About this task: The lines to be extracted run from the start of the listing through the line containing "Volkswagen Taigo - 14"; copy them exactly and nothing else.

Data to process:
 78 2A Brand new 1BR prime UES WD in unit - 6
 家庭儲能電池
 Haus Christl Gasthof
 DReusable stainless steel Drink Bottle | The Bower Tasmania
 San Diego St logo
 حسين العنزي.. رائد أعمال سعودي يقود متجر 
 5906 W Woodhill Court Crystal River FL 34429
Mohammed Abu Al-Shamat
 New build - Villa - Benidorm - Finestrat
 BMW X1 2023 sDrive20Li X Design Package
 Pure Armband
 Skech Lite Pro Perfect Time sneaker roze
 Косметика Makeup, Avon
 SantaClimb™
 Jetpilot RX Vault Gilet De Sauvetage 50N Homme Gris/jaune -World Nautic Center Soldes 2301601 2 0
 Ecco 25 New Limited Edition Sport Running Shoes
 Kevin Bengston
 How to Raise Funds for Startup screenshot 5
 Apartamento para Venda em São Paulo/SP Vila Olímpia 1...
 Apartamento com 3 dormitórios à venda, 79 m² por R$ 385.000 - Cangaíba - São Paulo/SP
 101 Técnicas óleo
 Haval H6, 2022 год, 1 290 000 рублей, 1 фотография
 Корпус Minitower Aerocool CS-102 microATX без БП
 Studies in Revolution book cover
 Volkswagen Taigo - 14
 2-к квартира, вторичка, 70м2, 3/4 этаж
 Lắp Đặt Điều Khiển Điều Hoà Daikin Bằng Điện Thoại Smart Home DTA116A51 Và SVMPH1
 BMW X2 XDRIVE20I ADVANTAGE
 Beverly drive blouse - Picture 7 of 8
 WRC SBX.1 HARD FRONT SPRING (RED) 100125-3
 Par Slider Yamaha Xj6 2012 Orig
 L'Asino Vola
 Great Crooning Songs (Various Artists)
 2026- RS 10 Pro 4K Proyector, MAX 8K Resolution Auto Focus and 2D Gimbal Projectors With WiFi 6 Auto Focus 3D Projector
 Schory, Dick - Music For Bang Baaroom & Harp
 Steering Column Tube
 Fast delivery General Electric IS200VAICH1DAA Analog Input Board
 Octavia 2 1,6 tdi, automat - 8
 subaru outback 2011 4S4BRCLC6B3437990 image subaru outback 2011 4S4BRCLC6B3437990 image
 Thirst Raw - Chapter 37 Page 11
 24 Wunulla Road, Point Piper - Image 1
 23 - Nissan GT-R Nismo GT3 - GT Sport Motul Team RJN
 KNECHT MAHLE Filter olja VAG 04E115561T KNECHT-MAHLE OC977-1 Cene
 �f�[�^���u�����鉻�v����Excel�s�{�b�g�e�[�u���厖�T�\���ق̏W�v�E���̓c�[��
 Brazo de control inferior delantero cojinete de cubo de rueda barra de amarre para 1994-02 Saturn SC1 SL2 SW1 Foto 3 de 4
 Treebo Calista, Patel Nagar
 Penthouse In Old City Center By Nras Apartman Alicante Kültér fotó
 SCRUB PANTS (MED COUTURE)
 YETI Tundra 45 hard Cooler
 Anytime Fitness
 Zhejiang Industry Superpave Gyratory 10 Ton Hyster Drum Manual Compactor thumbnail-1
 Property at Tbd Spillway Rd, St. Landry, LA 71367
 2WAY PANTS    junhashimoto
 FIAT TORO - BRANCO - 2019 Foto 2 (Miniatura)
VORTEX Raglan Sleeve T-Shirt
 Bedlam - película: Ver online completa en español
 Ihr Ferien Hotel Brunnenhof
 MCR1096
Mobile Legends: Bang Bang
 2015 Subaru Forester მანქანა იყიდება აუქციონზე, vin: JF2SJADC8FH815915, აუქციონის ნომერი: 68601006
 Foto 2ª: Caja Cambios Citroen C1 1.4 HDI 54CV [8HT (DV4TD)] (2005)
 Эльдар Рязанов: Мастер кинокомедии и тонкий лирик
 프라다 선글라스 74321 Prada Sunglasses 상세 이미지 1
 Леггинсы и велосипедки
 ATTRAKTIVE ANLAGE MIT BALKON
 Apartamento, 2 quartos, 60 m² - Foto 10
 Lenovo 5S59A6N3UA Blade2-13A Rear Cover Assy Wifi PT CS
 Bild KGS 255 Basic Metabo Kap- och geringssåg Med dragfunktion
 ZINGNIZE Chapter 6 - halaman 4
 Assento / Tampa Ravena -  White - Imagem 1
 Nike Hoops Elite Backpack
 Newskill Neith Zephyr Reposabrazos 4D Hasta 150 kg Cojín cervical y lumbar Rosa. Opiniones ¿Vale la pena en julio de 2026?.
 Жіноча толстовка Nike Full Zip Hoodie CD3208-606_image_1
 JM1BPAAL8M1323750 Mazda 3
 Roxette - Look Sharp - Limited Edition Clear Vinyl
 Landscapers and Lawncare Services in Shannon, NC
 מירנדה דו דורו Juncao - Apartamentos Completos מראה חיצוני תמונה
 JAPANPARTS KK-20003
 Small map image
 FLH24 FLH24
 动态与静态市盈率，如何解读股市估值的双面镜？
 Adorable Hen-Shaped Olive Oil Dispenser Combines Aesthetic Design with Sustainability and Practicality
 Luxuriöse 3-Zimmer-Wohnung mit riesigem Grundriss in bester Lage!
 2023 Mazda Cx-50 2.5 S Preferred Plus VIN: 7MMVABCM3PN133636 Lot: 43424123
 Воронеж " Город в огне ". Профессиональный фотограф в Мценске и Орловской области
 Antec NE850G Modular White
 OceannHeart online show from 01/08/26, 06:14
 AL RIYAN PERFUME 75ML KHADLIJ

Response:
 78 2A Brand new 1BR prime UES WD in unit - 6
 家庭儲能電池
 Haus Christl Gasthof
 DReusable stainless steel Drink Bottle | The Bower Tasmania
 San Diego St logo
 حسين العنزي.. رائد أعمال سعودي يقود متجر 
 5906 W Woodhill Court Crystal River FL 34429
Mohammed Abu Al-Shamat
 New build - Villa - Benidorm - Finestrat
 BMW X1 2023 sDrive20Li X Design Package
 Pure Armband
 Skech Lite Pro Perfect Time sneaker roze
 Косметика Makeup, Avon
 SantaClimb™
 Jetpilot RX Vault Gilet De Sauvetage 50N Homme Gris/jaune -World Nautic Center Soldes 2301601 2 0
 Ecco 25 New Limited Edition Sport Running Shoes
 Kevin Bengston
 How to Raise Funds for Startup screenshot 5
 Apartamento para Venda em São Paulo/SP Vila Olímpia 1...
 Apartamento com 3 dormitórios à venda, 79 m² por R$ 385.000 - Cangaíba - São Paulo/SP
 101 Técnicas óleo
 Haval H6, 2022 год, 1 290 000 рублей, 1 фотография
 Корпус Minitower Aerocool CS-102 microATX без БП
 Studies in Revolution book cover
 Volkswagen Taigo - 14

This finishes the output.